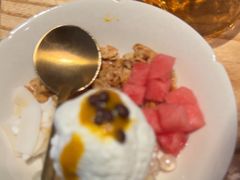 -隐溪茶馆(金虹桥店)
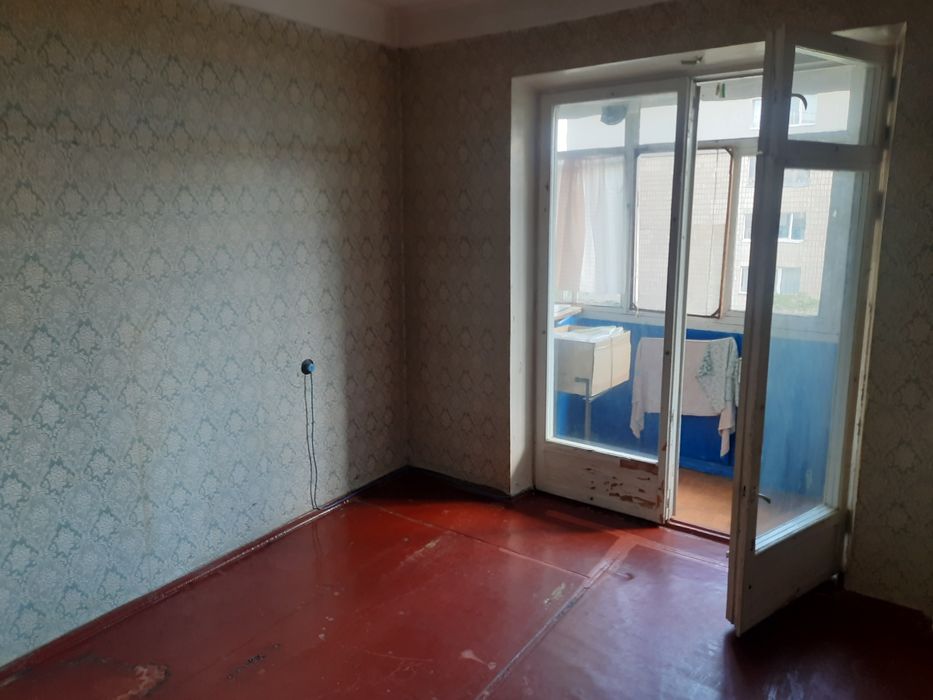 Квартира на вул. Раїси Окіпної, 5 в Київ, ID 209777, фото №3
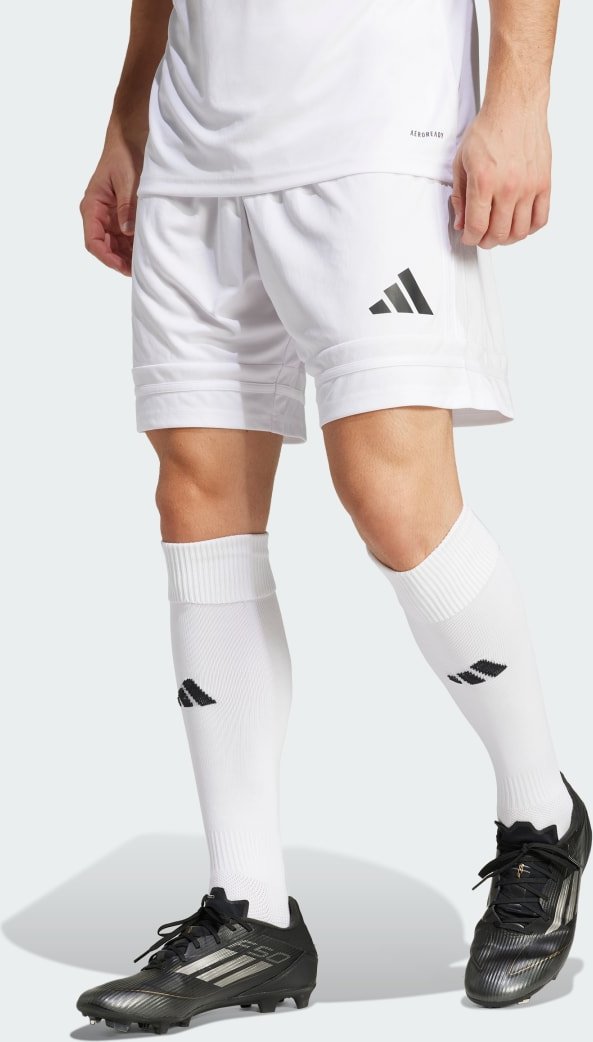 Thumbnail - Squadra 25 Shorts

...

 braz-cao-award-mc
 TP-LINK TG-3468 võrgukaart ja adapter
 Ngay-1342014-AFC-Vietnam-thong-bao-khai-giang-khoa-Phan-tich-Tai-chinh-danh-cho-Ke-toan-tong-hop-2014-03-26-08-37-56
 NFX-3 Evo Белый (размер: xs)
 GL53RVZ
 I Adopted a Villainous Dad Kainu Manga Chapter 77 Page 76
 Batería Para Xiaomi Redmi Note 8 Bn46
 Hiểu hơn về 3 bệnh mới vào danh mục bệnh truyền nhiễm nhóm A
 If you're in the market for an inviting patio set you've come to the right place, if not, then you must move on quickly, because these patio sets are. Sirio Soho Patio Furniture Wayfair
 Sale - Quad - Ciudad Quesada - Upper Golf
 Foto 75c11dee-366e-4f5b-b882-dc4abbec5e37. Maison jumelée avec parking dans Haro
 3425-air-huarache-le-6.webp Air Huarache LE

---

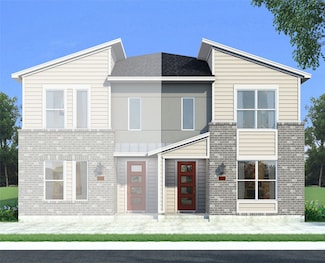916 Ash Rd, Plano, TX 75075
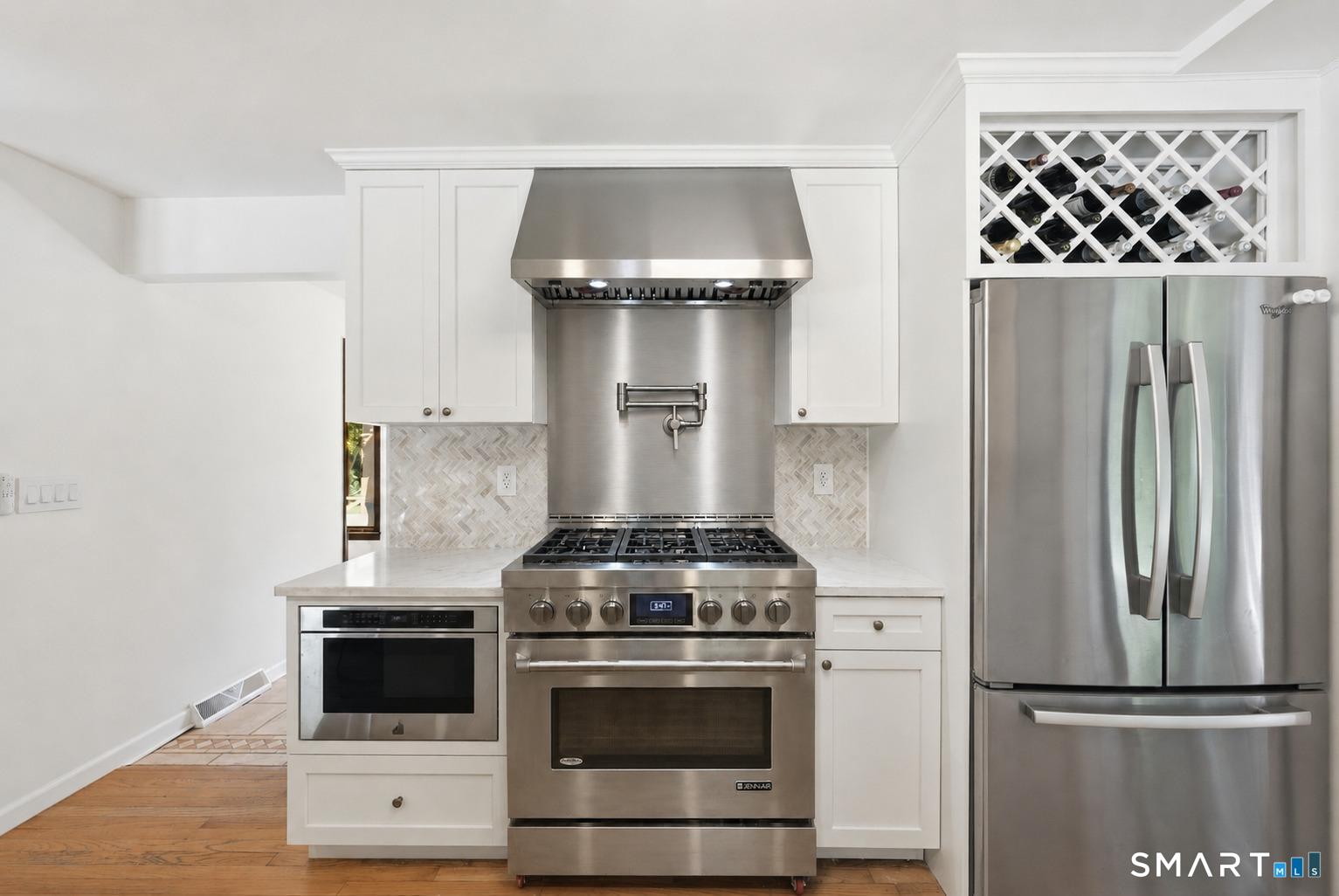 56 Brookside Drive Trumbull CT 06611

Task instructions — Copy out the lines above with "danh" in them.

Exercise output —
 Ngay-1342014-AFC-Vietnam-thong-bao-khai-giang-khoa-Phan-tich-Tai-chinh-danh-cho-Ke-toan-tong-hop-2014-03-26-08-37-56
 Hiểu hơn về 3 bệnh mới vào danh mục bệnh truyền nhiễm nhóm A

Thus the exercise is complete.